Я ожидал реакции Трампа. Конечно, он отвергнет эту идею с порога. Но нет! «Я думаю, это потрясающее предложение», — ответил он, намекая, что готов к обмену.
Рационально я понимал всю серьезность ситуации, но эмоционально был слишком потрясен, чтобы принять ее. Это было похоже на жуткую автокатастрофу. Я знал, что травмирован, но не представлял, насколько серьезно.
Я попытался осмыслить масштаб катастрофы, но в моей голове крутилась только одна мысль — безопасно ли мне оставаться в Америке? Мое изначальное опасение, что кремлевские наемники попытаются убить меня, теперь затмил совершенно животный страх, что президент Соединенных Штатов просто передаст меня им.
Я выбежал на задний двор в поисках супруги, которая смотрела, как малыши резвятся на батуте, дотронулся до ее плеча и попросил зайти в дом. Оставив Джессику — нашу старшую — за старшую, мы отошли в сторонку, чтобы дети нас не слышали, и, еле контролируя себя, я прошептал: «Путин только что попросил Трампа выдать меня, и Трамп согласился».
Она взяла меня за руку, чтобы успокоить, и мы вернулись в дом, чтобы вместе пересмотреть пресс-конференцию. Нервно постукивая ногой, я ждал ее реакции. Но, просмотрев всё еще раз, я не выдержал: «Думаю, нужно уезжать прямо сейчас».
Елена задумчиво протянула: «Не думаю. Трамп, может, и сможет тебя выдать, но это не произойдет мгновенно. Сегодня весь мир хочет знать, кто такой Билл Браудер, и мне кажется, ты должен им рассказать».

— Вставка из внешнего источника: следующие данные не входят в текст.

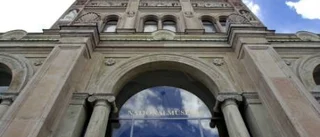 Nya bud om Nationalmuseum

Она была права. Три четверти сообщений на телефоне были от новостных медиа, которые умоляли меня выйти в эфир. Интерес к произошедшему зашкаливал даже больше, чем после разоблачения секретной встречи в Башне Трампа. Я начал отвечать на звонки, и в течение часа у меня были назначены интервью с десятками новостных программ.